La PAC, clé de voûte du Green Deal européen

La loi sur le climat fixe à l’Union l’objectif d’atteindre la neutralité carbone en 2050. Dans ce cadre, l’agriculture européenne reste un secteur très polluant qui va devoir gagner en sobriété : l’Union lui impute 10,3 % de ses émissions de gaz à effet de serre, soit 438,99 millions de gigatonnes en 2017, selon Eurostat. 

Le Pacte vert, souvent qualifié de Green Deal européen, l’identifie d’ailleurs comme l’un des secteurs essentiels de la transition écologique dans sa stratégie “De la ferme à la fourchette”, présentée à la suite de la pandémie.

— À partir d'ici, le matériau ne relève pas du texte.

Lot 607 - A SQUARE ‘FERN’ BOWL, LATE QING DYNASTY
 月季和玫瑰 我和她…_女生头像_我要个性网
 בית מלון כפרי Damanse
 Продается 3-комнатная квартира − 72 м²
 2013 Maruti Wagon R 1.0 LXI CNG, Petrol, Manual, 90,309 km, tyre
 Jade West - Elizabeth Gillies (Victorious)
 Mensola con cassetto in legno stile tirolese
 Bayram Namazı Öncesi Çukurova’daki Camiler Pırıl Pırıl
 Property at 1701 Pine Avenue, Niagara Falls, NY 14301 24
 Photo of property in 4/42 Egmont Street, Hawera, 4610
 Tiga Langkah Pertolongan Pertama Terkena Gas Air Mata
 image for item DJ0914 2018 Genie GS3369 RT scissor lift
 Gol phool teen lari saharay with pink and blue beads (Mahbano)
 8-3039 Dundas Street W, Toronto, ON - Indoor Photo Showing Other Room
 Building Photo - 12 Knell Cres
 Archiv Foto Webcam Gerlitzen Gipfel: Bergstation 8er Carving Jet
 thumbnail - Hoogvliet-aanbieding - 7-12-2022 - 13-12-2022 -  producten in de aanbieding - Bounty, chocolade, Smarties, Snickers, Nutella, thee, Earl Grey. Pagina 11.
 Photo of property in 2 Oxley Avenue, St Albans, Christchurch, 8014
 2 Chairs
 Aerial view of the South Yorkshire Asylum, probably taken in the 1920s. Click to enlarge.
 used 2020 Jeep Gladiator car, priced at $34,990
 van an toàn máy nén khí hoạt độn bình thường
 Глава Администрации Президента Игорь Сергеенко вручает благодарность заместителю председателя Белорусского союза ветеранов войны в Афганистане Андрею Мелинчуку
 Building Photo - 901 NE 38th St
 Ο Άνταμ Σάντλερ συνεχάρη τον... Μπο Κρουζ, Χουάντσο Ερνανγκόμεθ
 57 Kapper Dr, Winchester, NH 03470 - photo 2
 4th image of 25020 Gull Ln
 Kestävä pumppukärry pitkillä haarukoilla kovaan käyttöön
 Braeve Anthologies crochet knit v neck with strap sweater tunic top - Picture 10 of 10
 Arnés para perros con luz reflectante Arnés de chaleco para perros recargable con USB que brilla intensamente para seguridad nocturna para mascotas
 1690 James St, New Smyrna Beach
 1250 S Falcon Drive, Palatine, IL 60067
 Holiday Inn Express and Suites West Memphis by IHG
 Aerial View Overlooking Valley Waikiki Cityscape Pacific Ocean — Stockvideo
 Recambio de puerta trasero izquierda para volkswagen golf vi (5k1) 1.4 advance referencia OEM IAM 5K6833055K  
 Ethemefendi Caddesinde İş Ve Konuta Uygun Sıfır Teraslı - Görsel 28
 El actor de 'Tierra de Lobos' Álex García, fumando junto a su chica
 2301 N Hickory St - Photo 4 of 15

Le document propose notamment de permettre à la PAC de mieux soutenir les pratiques agricoles contribuant à réduire ou à compenser l’impact environnemental de l’agriculture : investissements dans le biogaz, stockage du carbone dans les sols agricoles, réduction des pesticides et des nutriments (azote, phosphore) que l’on retrouve dans les sols et les eaux.

Si tous les objectifs listés par le Pacte vert ne dépendent pas de la PAC, ils ne pourront être atteints qu’en étant soutenus par une politique agricole plus verte, souligne la Commission. “La réforme peut effectivement concourir à la réalisation du pacte vert, affirme le rapport, pourvu que les dispositions essentielles des propositions formulées survivent au processus de négociation, et qu’il conviendrait d’apporter certaines améliorations et de prendre des initiatives concrètes.”

La future PAC est-elle suffisamment verte ?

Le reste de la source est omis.